*Exercise requirements*.
When you transcribe the listing, keep each line exact and drop the pictures.

*Source data*.
# # # #
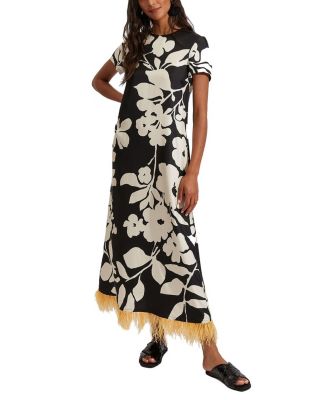 La DoubleJ - Swing Dress in Winter Jasmine Black Feathers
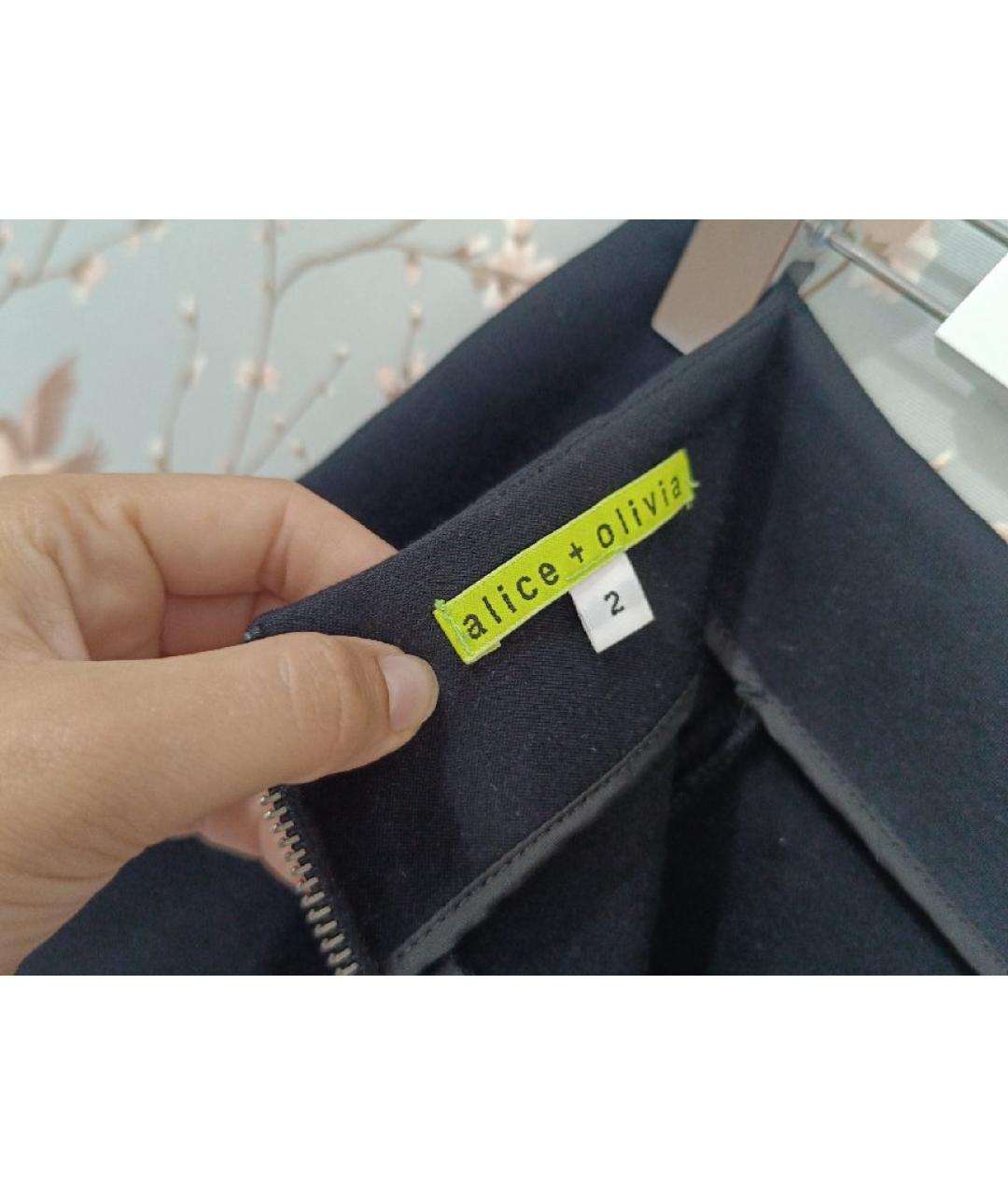 ALICE+OLIVIA Черная вискозная юбка мини, фото 3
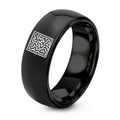 Kruskals Algorithm Maze – Tungsten Wedding Band, 8 mm, Black Comfort-Fit Unisex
# # # #
*Problem solution*.
 La DoubleJ - Swing Dress in Winter Jasmine Black Feathers
 ALICE+OLIVIA Черная вискозная юбка мини, фото 3
 Kruskals Algorithm Maze – Tungsten Wedding Band, 8 mm, Black Comfort-Fit Unisex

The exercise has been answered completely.